3. $S$ has at least one vector (point) in it.
What would such a set look like?
Well two possibilities immediately present themselves:
a) The set consisting of just $\{(0,0)\}$. This is called a TRIVIAL subspace.
b) All of $\Bbb R^2$ itself (duh).
Let's suppose that we have two elements $(a,b),(a',b') \neq (0,0) \in S$ such that $(a',b') \neq (ca,cb)$ for any $c$.
I leave to you (or you can take it on faith)to show that in such a case $ab' - a'b \neq 0$ (hint: it's easier to show that if $ab' - a'b = 0$, that: $b' = cb, a' = ca$ for some $c$. Consider the cases $a = 0$ and $a \neq 0$ separately).
Now by (2), both $a'(a,b)$ and $(-a)(a',b')$ are in $S$, thus by (1), so is their sum:
$a'(a,b) + (-a)(a',b') = (aa',ba') - (aa',ab') = (0,a'b-ab')$.
Since $a'b - ab' \neq 0$ if we call this number $d$, we have:
$\frac{1}{d}(0,d) = (0,1) \in S$, by (2).
A similar argument (which you should provide) shows $(1,0) \in S$.
Finally, we see that any point $(x,y) = x(1,0) + y(0,1) \in S$, by taking (1) and (2) together.
So in this case, we see that two such points force $S$ to be all of $\Bbb R^2$, if $S$ is to satisfy our two closure conditions.
Are there any OTHER such sets $S$?
Let's try to find a minimal one "bigger than just the origin".
So we have at least one point (which is not the origin), say $(a,b) \in S$.

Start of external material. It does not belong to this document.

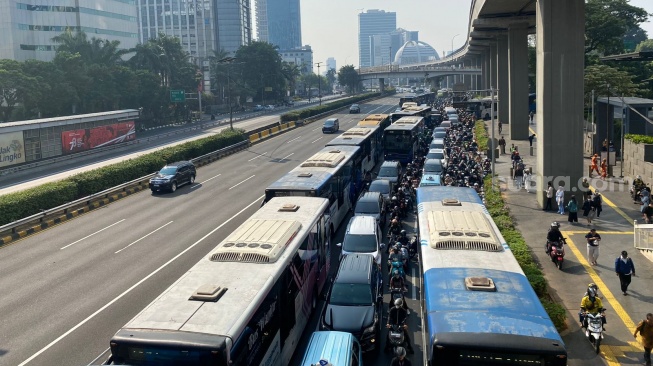 Kondisi Jalan Gatot Subroto, Jakarta yang diwarnai dengan kemacetan imbas dari penutupan lalu lintas dalam rangka KTT ke-43 ASEAN, Rabu (6/9/2023). (Risna)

By (2) we have to have all points $(ca,cb) \in S$ for any real number $c$. Is this big enough? That is, we suppose:
$S = \{(ca,cb): c \in \Bbb R\}$, and since (2) is satisfied automatically, we just need to see if (1) is.
So, we pick two points in $S$, say:
$(x_1,y_1) = (c_1a,c_1b)$ and
$(x_2,y_2) = (c_2a,c_2b)$, and we see if $(x_1,y_1) + (x_2,y_2) \in S$.

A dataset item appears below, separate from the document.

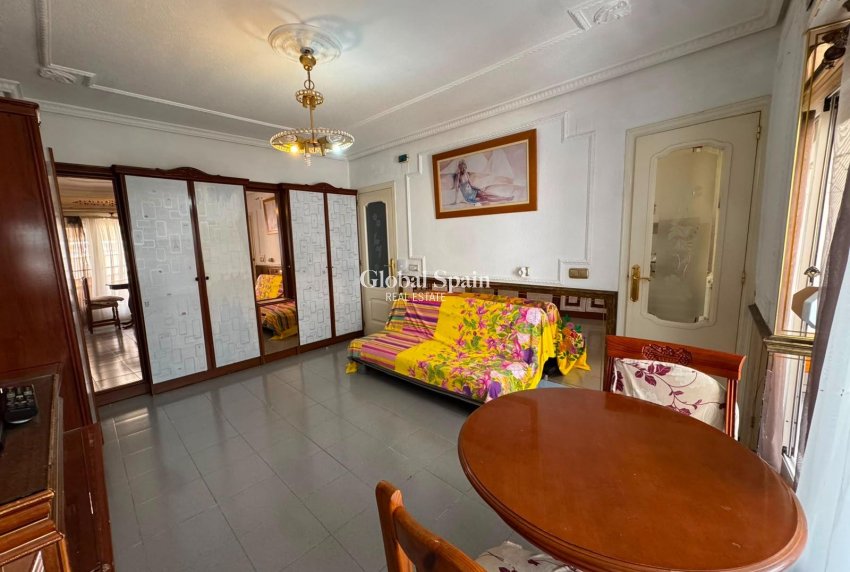 Resale - APARTMENT -
TORREVIEJA - Centro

Now $(x_1,y_1) + (x_2,y_2) = (c_1a,c_1b) + (c_2a,c_2b) = c_1(a,b) + c_2(a,b) = (c_1+c_2)(a,b) = ((c_1+c_2)a,(c_1+c_2)b)$.
Since $c_1+c_2$ is a real number if $c_1,c_2$ are, this shows the sum is indeed in $S$. So we do have closure (of addition).

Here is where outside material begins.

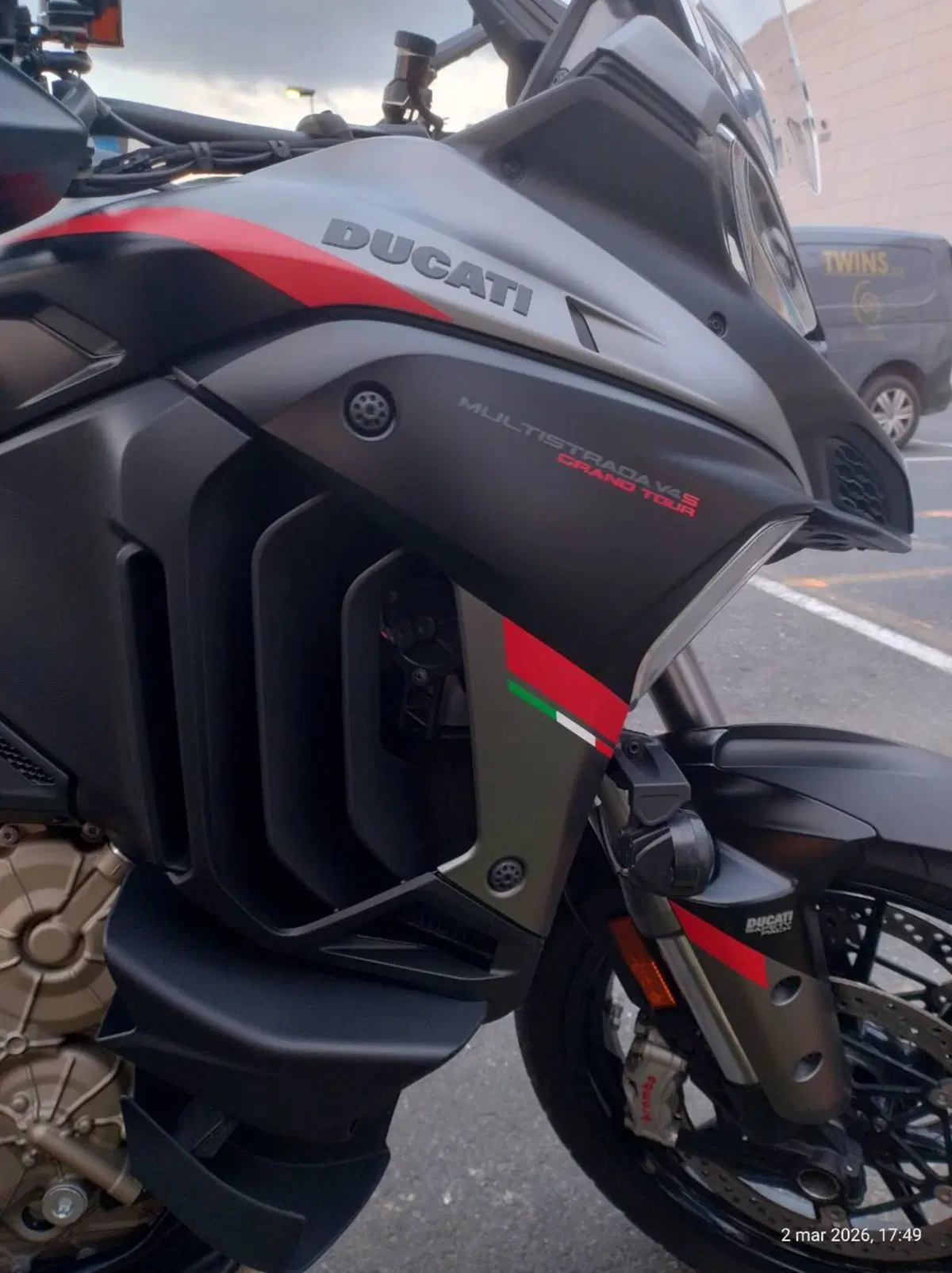 Ducati Multistrada V4 S Grand Tour (2024) (15)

What does such a set look like?
Since $(a,b) \neq (0,0)$ one of $a,b \neq 0$. Suppose that $a \neq 0$ (I leave it to you to puzzle out what happens if $a = 0$).
In this case, we have, for any point $(x,y) = (ca,cb) \in S$, that:
$y = \frac{b}{a}x$, that is, $S$ is the line through the origin with slope $\frac{b}{a}$.
What does this mean?
It means that any subset of the Euclidean plane closed under addition and scalar multiplication that has at least one point in it is either:
1. Just the origin
2. A line
3. The whole plane
This is why "linear algebra" is so-named. The "linearity" subspaces have is due to the "line-ness" (or in higher dimensions, the "plane-ness") of the subspaces.